● **EXTRACTED DATA**

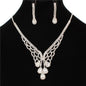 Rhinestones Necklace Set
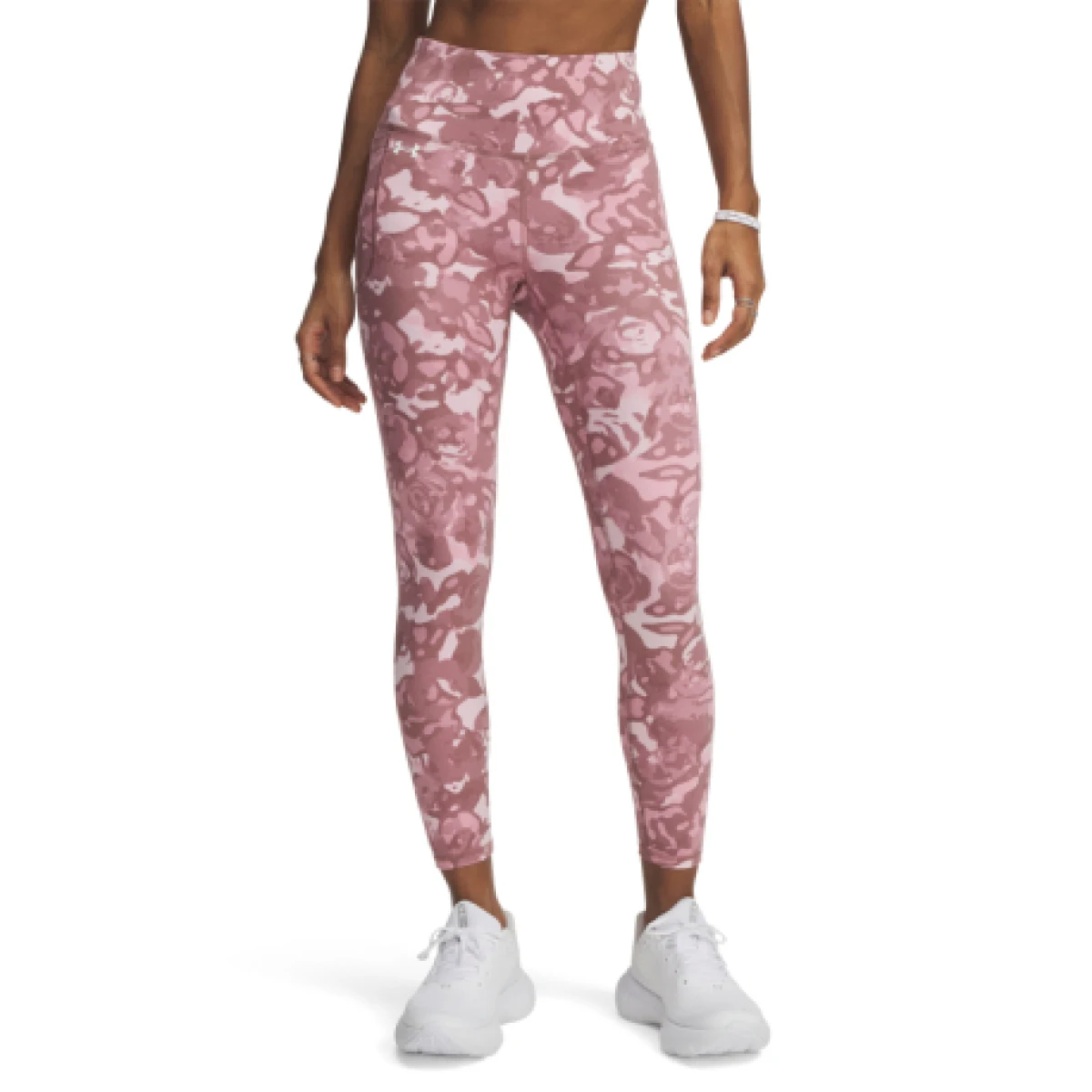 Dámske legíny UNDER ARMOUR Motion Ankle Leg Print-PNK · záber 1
* * *
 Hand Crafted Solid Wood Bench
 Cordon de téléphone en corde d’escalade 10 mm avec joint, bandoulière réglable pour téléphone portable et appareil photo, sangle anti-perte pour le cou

● **WORK TO BE COMPLETED**
From the entries above, give again exactly the lines running from the line with "Hand Crafted Solid Wood Bench" to the line with "Cordon de téléphone"; include both of those lines.

● **RESPONSE BOX**
 Hand Crafted Solid Wood Bench
 Cordon de téléphone en corde d’escalade 10 mm avec joint, bandoulière réglable pour téléphone portable et appareil photo, sangle anti-perte pour le cou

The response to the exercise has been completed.